鑑賞動機はバリー•コーガンが出演しているからです。『ダンケルク』や『イニシェリン島の精霊』で見せた彼の怪演ぶりからすると、彼が出ているだけで名作ではないかという錯覚を起こしそうです。彼は本作では主人公の少女の父親を演じます。

私個人はあまり好きではない言葉ですが、現代日本には「親ガチャ」なる言葉があります。子からみた親の当たりはずれということでしたら、この物語の主人公ベイリー(ニキヤ•アダムス)は親ガチャ大ハズレと言ってもよいと思います。父親と2歳ほど上の兄と同居しているようなのですが、兄は異母兄のようですし、バリー•コーガン演じる父親のバグはあまり働いてる様子もないのに新たな女性と結婚しようとしています。別に住んでいるベイリーの実母側に目を移せば、バグと別れた後もそれなりに男出入りがあったようで子どもが何人かいます。すなわち、ベイリーにとっての異父妹や異父弟ですね。まあ、ひょっとしたら、みんな父親が違うのではないかといった雰囲気も漂っているのですが、問題は現在の夫でこれがどうしようもないDV男で、ベイリーの幼い異父妹弟たちはとても可哀そうな境遇にいます。

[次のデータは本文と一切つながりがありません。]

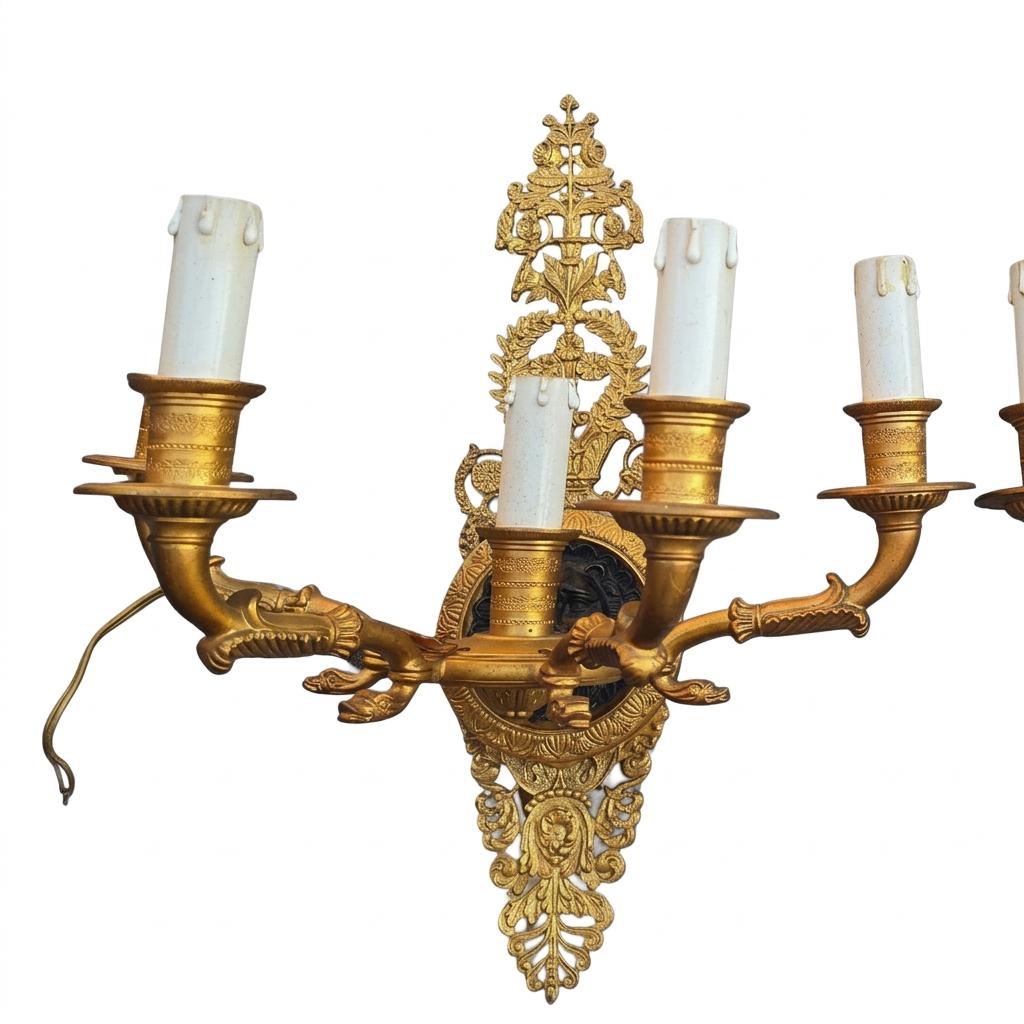 Pair of Antique French Five-Arm Bronze Wall Sconces, Lion Mask Empire Style — France, Early 20th Century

そんななかベイリーは自らバードと名乗る不思議な青年と出会います。このバードを演じるフランツ•ロゴフスキもバリー•コーガンに負けず劣らずの怪優の雰囲気をたたえておりまして、図らずも、欧州二大怪優競演の趣きもあります(ただし、ふたりの絡みはありません)。で、このバードは生き別れた親を探しているとのことで、ベイリーも捜索に協力したりもします。

一方、ベイリーの異母兄はガールフレンドを妊娠させたみたいで彼女とスコットランドへの逃避行を企てているようです。このお兄さん、まだ14歳で妊娠させちゃったみたいなのですが、父親のバグは俺も14歳でお前の父親になったよみたいのこと言ってて、この男、30そこそこで孫を持つのか、と呆れるやら、びっくりするやら。でも、バグはまあクズと言えばクズなんでしょうけど、息子や娘に対する愛はホンモノで、根は善良でいい奴だとは思います。

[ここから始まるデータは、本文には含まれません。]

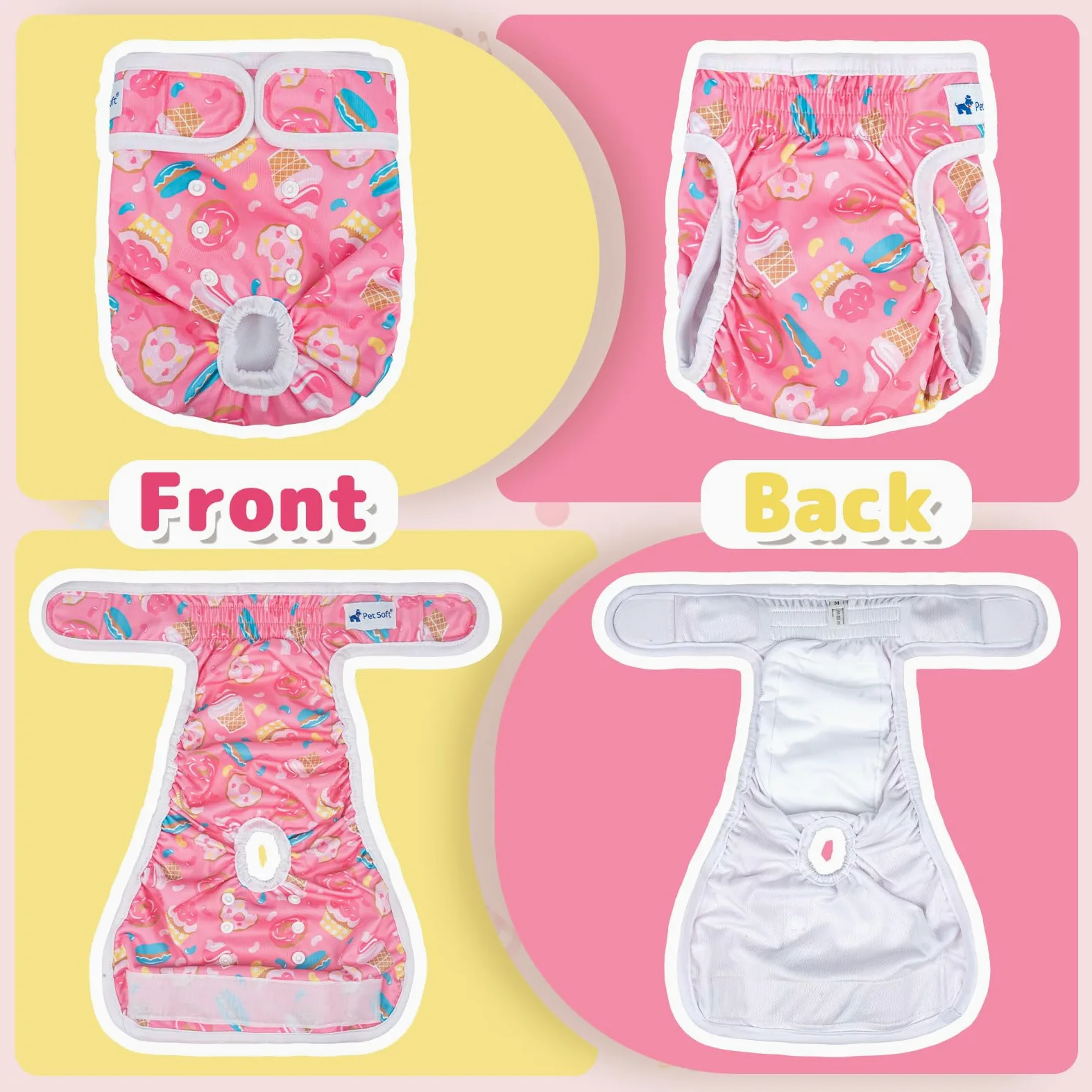 Pet Soft Pannolini per Cani Femmina, Confezione da 3 Pantaloni Riutilizzabili per Cani, Regolabili, per Cani Femmina, per Incontinenza da Calore Stagionale (Cibo, L)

この作品には、時折り、鳥の群れが空を飛んでるシーンが挿入されます。また、カラスが伝書鳩ならぬ伝書ガラスになって手紙を運ぶシーンもあります(まあでもカラスが運んだ距離は伝書鳩が運ぶ距離をフルマラソンとすると100m競走の範囲でしたけど)。そして、バードが演じるファンタジー•シーン……

ベイリーはとてもいい子です。幼い妹や弟の面倒は見ますし、兄にも協力的です。見ず知らずだったバードにも協力します。周囲の人たちともおおむねうまくやっていけそうです。でも、親ガチャだけでなく、階級社会の英国で階級ガチャや地域ガチャにも大ハズレしている感じで、日本流で言えば小6か中1あたりの年齢なんでしょうけど、学校に行ってるシーンがまるで出てきません。

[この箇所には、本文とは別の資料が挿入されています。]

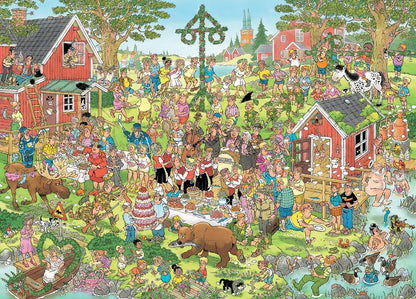 A highly detailed cartoon illustration of a bustling Scandinavian Midsummer Festival featuring a maypole, red houses, and dozens of comical characters
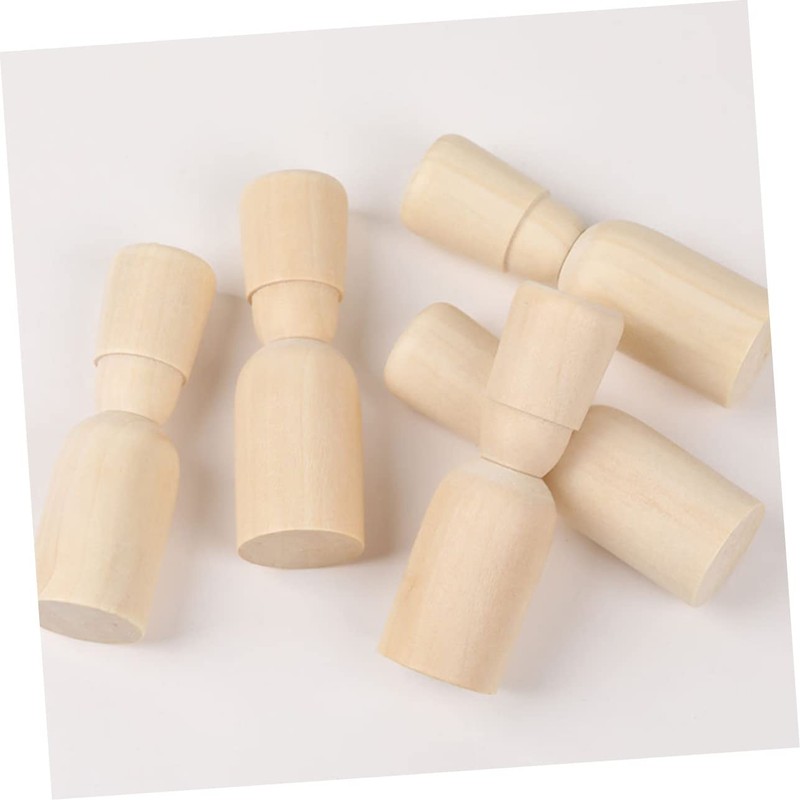 OHPHCALL 15pcs DIY Wooden Peg Dolls Unfinished Painting Dolls for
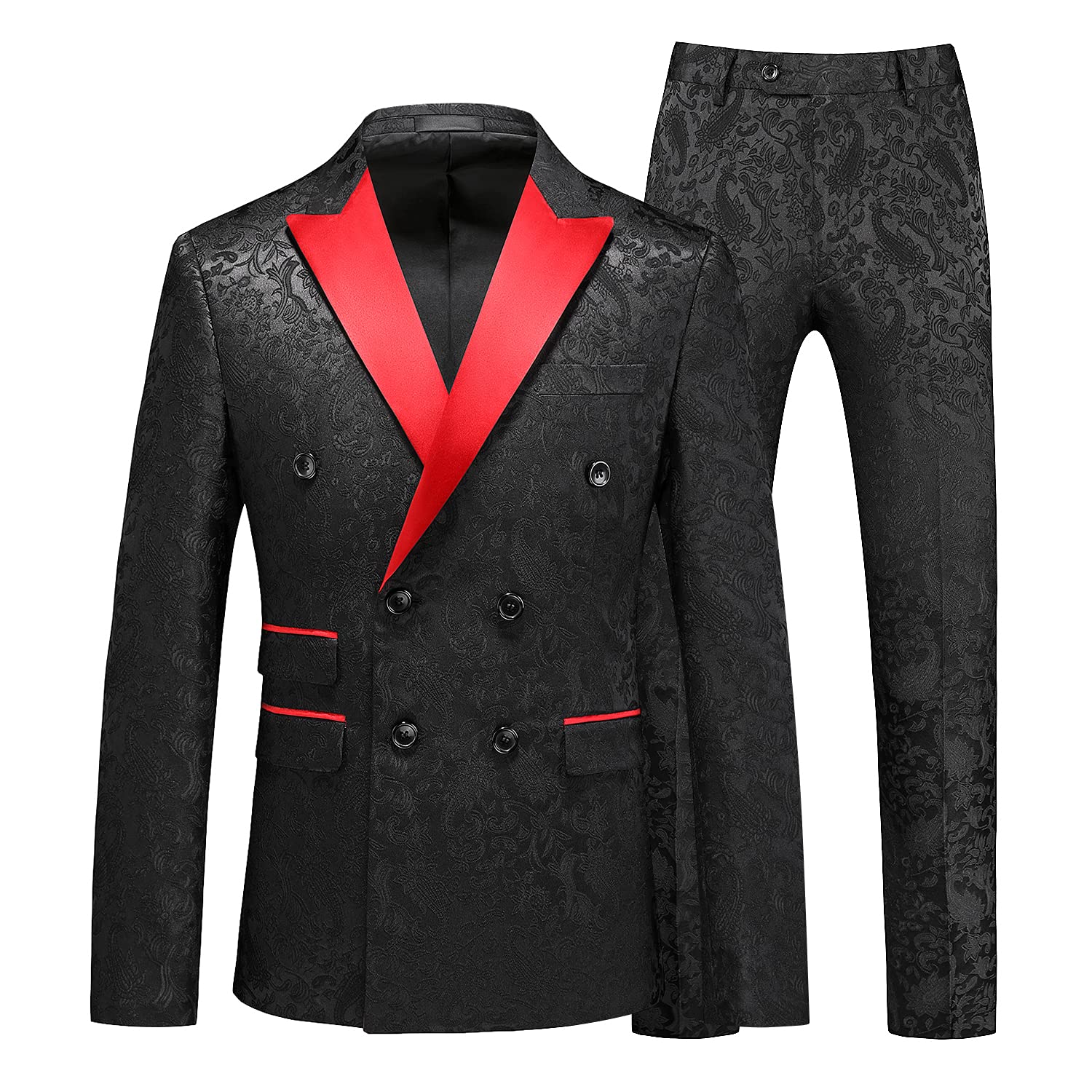 MOGU Mens 2 Piece Double Breasted Tuxedo Slim Fit Jacquard Floral Vintage Groomsmen Wedding Prom Suit
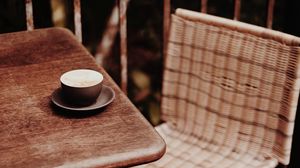 Preview wallpaper coffee, cup, table, chair, wooden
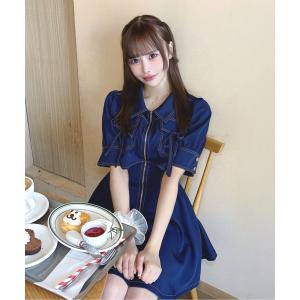 ワンピース レイヤードフロントジップワンピース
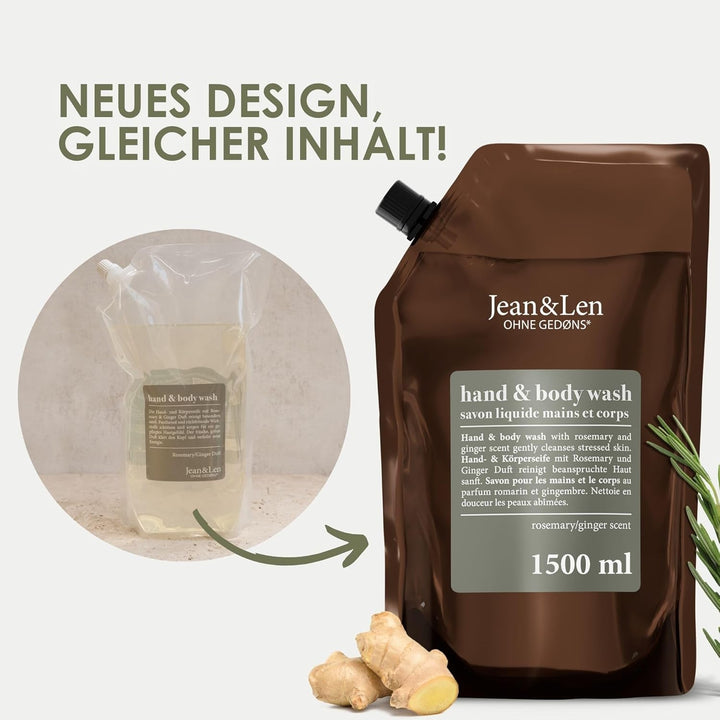 Jean &amp; Len Hand &amp; Body Wash Rosemary und Ginger, mit reinigt pflegt die Haut, ohne Parabene, Silikon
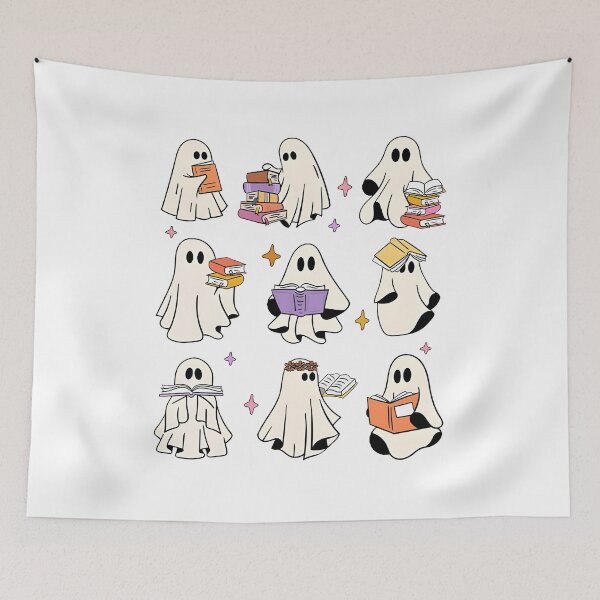 Item preview, Funny Halloween, Cute Ghost, Reading Books designed and sold by Verbutler.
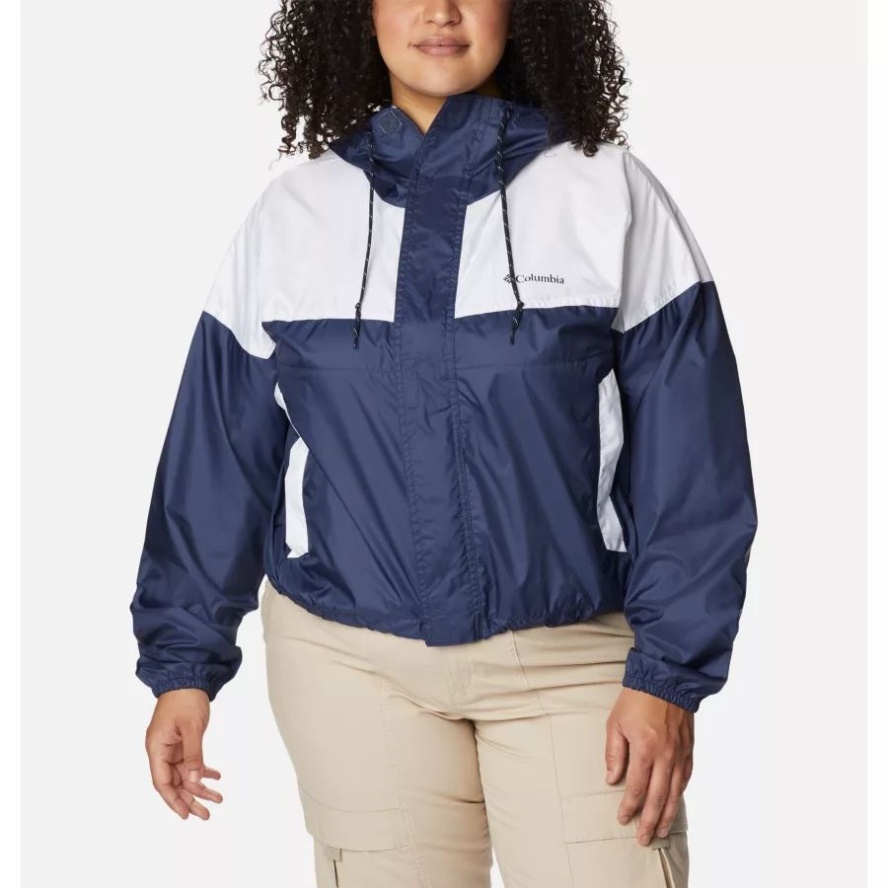 Columbia Sale Women's Flash Challenger Cropped Windbreaker Plus Size Nocturnal/White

タイトルに挙げた中学英語の仮定法の例文ですが、”If I were a bird, (もし、私が鳥なら)の条件節に対して I would fly to you.” (あなたのところに飛んで行くのに)という流れで、ちょっとロマンチックで切ない感じだったように記憶しています。そして、文法事項として、仮定法過去は現在において実現が不可能なことの裏返しであると習った憶えがあります。ベイリーは今、非常に厳しい環境下にいて実現が不可能なことの連続のようですが、どうか自分の周囲にある愛を大切にして、夢だけは持ち続けてほしいと思いました。

アンドレア•アーノルド監督は私にとってこの映画が初見だったのですが、英国の最貧層のリアリティを描きながら、そこにファンタジーを入れ込んでくるサジ加減が絶妙で感服いたしました。別の作品も観てみたいと思います。